* What is needed *
Only these lines of the data below are wanted: the one with "ご家庭用【予約 3月以降】 送料無料", the one with "Lemolo Falls Wonder Where Now", and any lines between them, each repeated exactly.

-- Exercise data follows --

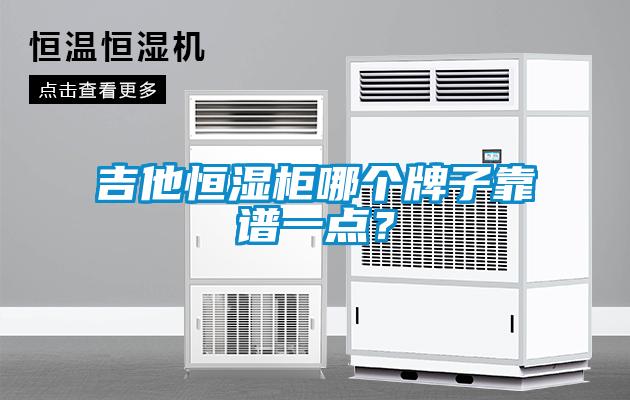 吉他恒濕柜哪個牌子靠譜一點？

-- Exercise data concluded --
-- Exercise data follows --

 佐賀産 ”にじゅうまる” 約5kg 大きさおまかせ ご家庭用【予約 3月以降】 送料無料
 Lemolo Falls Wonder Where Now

-- Exercise data concluded --
-- Exercise data follows --

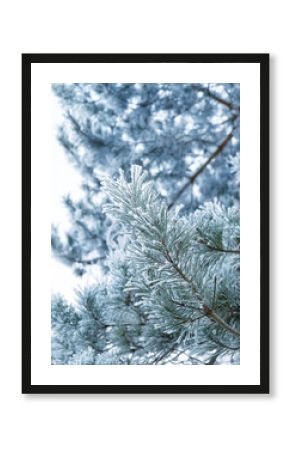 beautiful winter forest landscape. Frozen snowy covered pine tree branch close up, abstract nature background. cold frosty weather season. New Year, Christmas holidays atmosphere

-- Exercise data concluded --

* Solved problem *
 佐賀産 ”にじゅうまる” 約5kg 大きさおまかせ ご家庭用【予約 3月以降】 送料無料
 Lemolo Falls Wonder Where Now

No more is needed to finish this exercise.